Financial Modeling is also a field full of stochastic process. One famous process is Brownian process. Brownian process is continuous but does not have derivative. This means that the increment is always small but when the time interval goes to zero, the change will be dramatic. An advanced process named Levy process, which is also widely used in this field, is a combination of Brownian motion and jump process. In contrast with the previous dynamic model, there are currently no exact inference algorithms for these processes. The common tool is simulation.

The most used tools in this course for inference in dynamic modeling is variational inference method, which has strong relationship with the law of large numbers and the large deviation theory.

# Exponential Random Graph Model [10/13]

Le Yang, Harshith Kumar Ramadev and Karthik Kakarla Nagendra Prakash. October 13, 2015

### Introduction to Dynamic Networks

With these dynamic networks, what we can do?

1. Summarizing: What are the characteristics of a dynamic network data? For example, the triangle closure property says if A and B are friends and B and C are friends, then A and C are friends. This property can be summarized from different dataset including some dataset mentioned above.
2. Modeling: how to modeling the dynamic networks? There are two ways: a) from the perspective of economists and social scientists; b) from the perspective of physicists. Both perspectives will be discussed later in details.
3. Prediction: One important objective of research on dynamic network is to predict what will happen in the future. For example, in political relationship dataset, we want to know if one nation will support another nation or fight with it.

Network formation with game theory node/agent based modeling (economists and social scientists)

In this perspective, each node in network represents the individual people. Each people has utility function which they want to maximize.

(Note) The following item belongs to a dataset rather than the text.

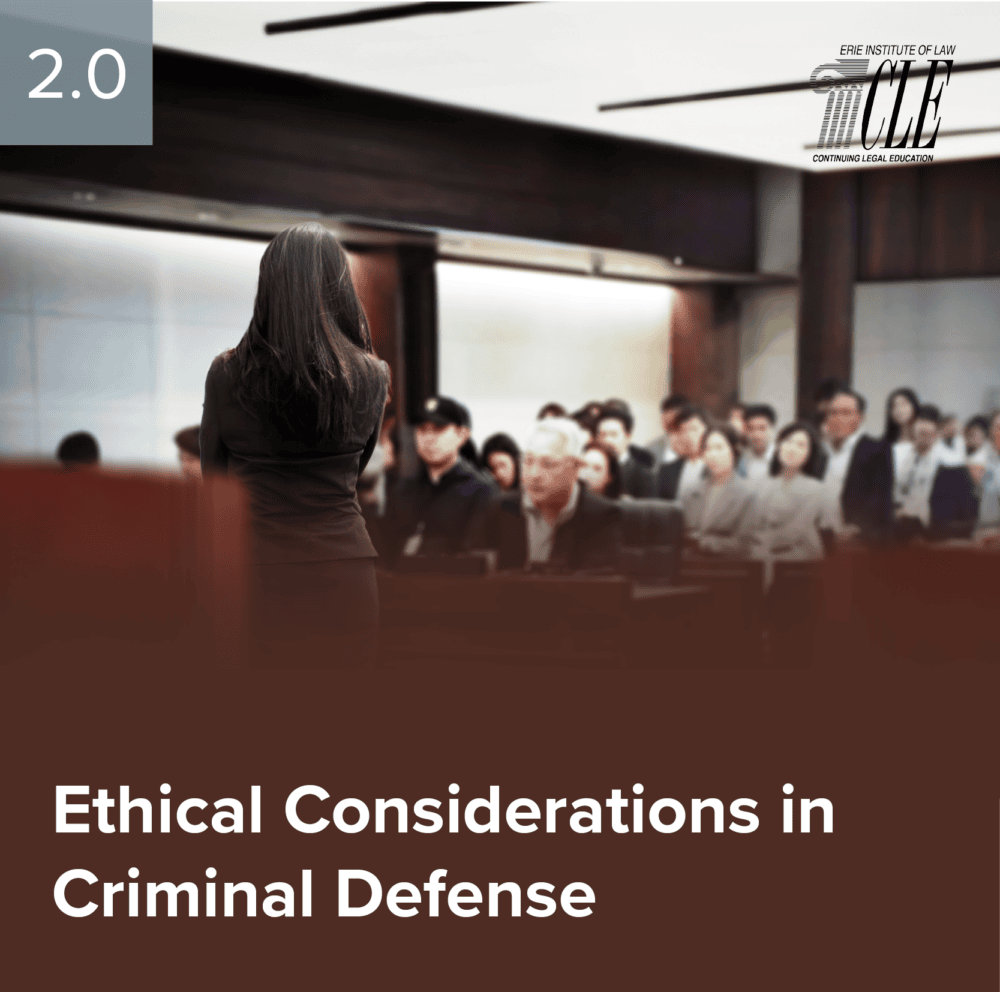 #2500 Ethical Considerations in Criminal Defense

For example, people want to maximize their financial benefit or productivity. More importantly, the utility function is related with not only the resources of the individual but also the properties of the other edge through the edges. For example, people may cost money in forming or maintaining a link while gains profit in having connections to others.

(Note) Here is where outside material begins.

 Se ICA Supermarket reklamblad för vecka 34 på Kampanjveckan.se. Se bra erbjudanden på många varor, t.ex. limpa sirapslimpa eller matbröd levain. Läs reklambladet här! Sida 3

One question is how can the individual agents build edges and get rid of edges to maximize the utilities of themselves. Once we have utility function for each individual, we can think of what network structure will emerge as a equilibrium of this game and what dynamic do we have in network evolution. From the overall perspective, another question is whether or not we have a way to design overall policy over the dynamic network so that the overall utility function can be maximized.

Network formation with tie based modeling (physicists)

First model is random graph model. In this model, a network have parameters N and P which means there are $n \choose 2$ potential edges and each of them might appear with probability P. Obviously, the average number of edges is $N \times P$. Some questions we may ask about this random graph is as follows:

• What is the average path length from one node to another node?
• What is the average distance?
• Whether there will be a lot of small clusters or only few large clusters?

Second model is so-called small world model. First we construct a rigor model where every node is connected with its full neighbors. Then we randomly rewire those edges from one node to any other randomly sampled node in the world. One interesting feature of this kind of random graph is the shortest path from any node to any other node is going to be the logarithm of the size of the world, i.e. the number of nodes in this network.

The third model is preferential attachment model constructed by Barabasi to talk about the fat tail distribution of the edges. The fat tail distribution means some people have a lot of connection and most of the people have very few connection. His idea is to start from some kernel and then grow the network by adding in new nodes. At each time a new node is added, it will establish connection with existing nodes according to the number of degrees. Obviously, rich get richer.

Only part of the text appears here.